Superoptimization by itself is the very opposite of  ‘intelligent compilation’ — a brute-force search through every possible instruction sequence until the best one is found. This technique, first introduced by Henry Massalin in 1987, has been used to find surprising optimal sequences for a variety of architectures. The main problem with superoptimizers is the sheer size of the search space – searching through instruction sequences of more than three instructions can take weeks!

Fortunately there are ways to reduce the number of instruction sequences that need to be enumerated, such as by removing redundant or meaningless instructions (e.g. mov r0, r0). More recent studies (stochastic superoptimization) have used machine learning and other statistical methods to select which instruction sequence to try, giving good results in a shorter period of time and without the exhaustive search.

Another recent study created a database of peephole optimization using a superoptimizer. These optimizations could then be applied to a new program at compile time, avoiding the long computation times of the superoptimizer. Using this method a database of energy efficient transformations could be constructed, enabling the compiler to produce an energy efficient executable.

Superoptimization has been also used before in the GNU Superoptimizer to generate short sequences of code that remove branches from the target program. It should be possible to apply superoptimization in a similar way to minimise the amount of energy that caches and memories consume.

Research questions

There are several interesting things that I intend to investigate during this project:

  • Does superoptimization for energy consumption produce a different optimal sequence than if targeting code size or performance?
  • Can we create a database of energy-efficient peephole optimizations, and could these be used to transform a non-energy-efficient application into an energy-efficient one?

I intend to implement a superoptimizer to answer these questions. Each potential sequence of code that the superoptimizer finds will be evaluated on a platform instrumented for energy measurement, allowing the lowest energy code sequence to be chosen.

Hardware

Initially the project will use existing hardware that was used last summer with the energy impact of different compiler optimizations project. The BeagleBone fits the criteria well: 32KB instruction and data caches, and 256KB L2 cache backed by 256MB of DRAM.

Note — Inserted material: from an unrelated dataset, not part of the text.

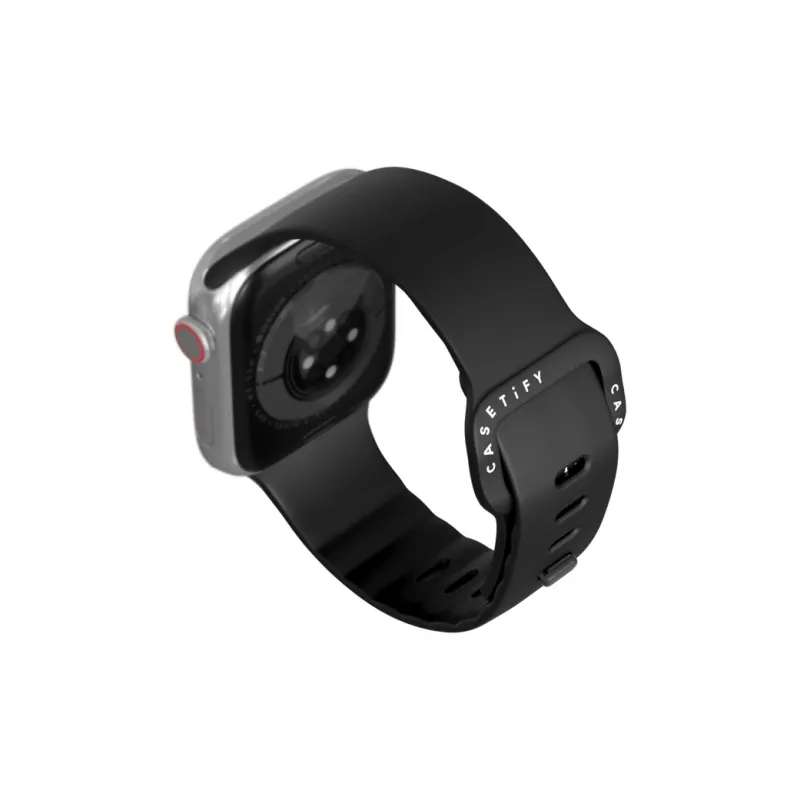 CASETIFY Apple Compatibility Watch Band Rubber Material-1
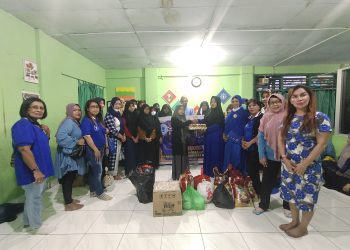 Tiara Kusuma Anjangsana ke Panti Asuhan Putri Al Amin Muhammadiyah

BeagleBone instrumented to measure three of the power supplies.

The techniques could then be applied to other embedded platforms with caching, to see if they transfer to different memory hierarchies and cache sizes.

Embecosm’s commitment to open access

Any project software outputs will be open source and with the resulting academic papers published for open access. Current results and progress will be hosted online via a wiki, as with previous projects.

By the end of the project, I hope to have developed new optimization methods and novel ideas for how the compiler can reduce an application’s energy consumption, further strengthening Embecosm’s expertise in energy-efficient optimization and compilation techniques.